Fake websites of well-known publications, including the British newspaper The Guardian and the German magazine Der Spiegel, broadcast the Kremlin’s agenda. Russian diplomats had a hand in the scheme.
Specialists of the American company Meta, the owner of the Facebook and Instagram social networks, eliminated a large network of disinformation from Russia. This is written by the Associated Press agency with reference to Meta data.
The Russian network worked all summer and created hundreds of social media accounts and dozens of fake news websites to spread Kremlin propaganda about invading Ukraine. Meta said it was able to interrupt the bots before they affected a large audience.
Facebook said that this was the largest and most complex Russian propaganda campaign since the beginning of the military invasion of Ukraine. The Associated Press notes that the Russians used 60 sites, including the British newspaper The Guardian and the German magazine Der Spiegel.
Instead of normal news, clone sites published links to Russian propaganda and disinformation about Ukraine. More than 1,600 fake Facebook accounts spread propaganda in Germany, Italy, France, Great Britain and Ukraine.
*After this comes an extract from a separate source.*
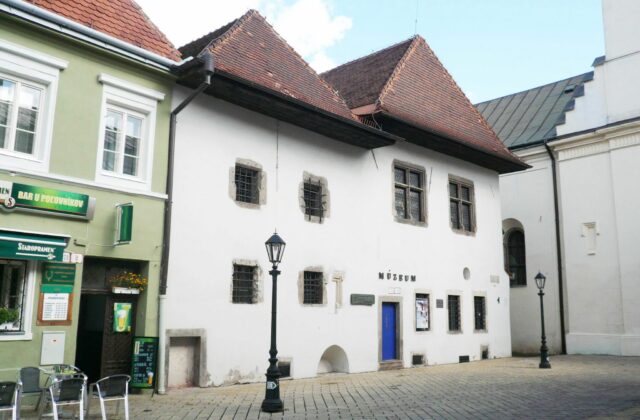 Začína sa rozsiahla rekonštrukcia Miklušovej väznice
Links to fake news were posted on fake accounts on Facebook, Instagram, Telegram and Twitter. Some publications contained messages from the official pages of Russian embassies in Europe and Asia.
Investigative journalists in Germany drew attention to the network of propagandists for the first time. When Meta began its investigation, it found that many of the fake accounts had already been removed by Facebook’s automated system.
Meta said that they cannot directly blame the Russian government for creating the network. Meta’s director of counter-threats, David Agranovich, emphasized the role of diplomats from Russia in this and said that the operation was based on complex tactics, the use of several languages ​​and the creation of fraudulent websites.
Researchers at Meta Platforms Inc. in Menlo Park (California, USA) discovered a much smaller network in China that spread political content in the USA.
The network reached a small audience in the US, because the posts were made by amateurs. The Americans immediately noticed the obvious mistakes in the English language, and published them during business hours for China. This network, while ineffective, was the first to be identified by Meta as anti-American.
“This network is important because it represents a new direction in China’s disinformation operations,” said Ben Nimmo, Meta’s head of global threat computing.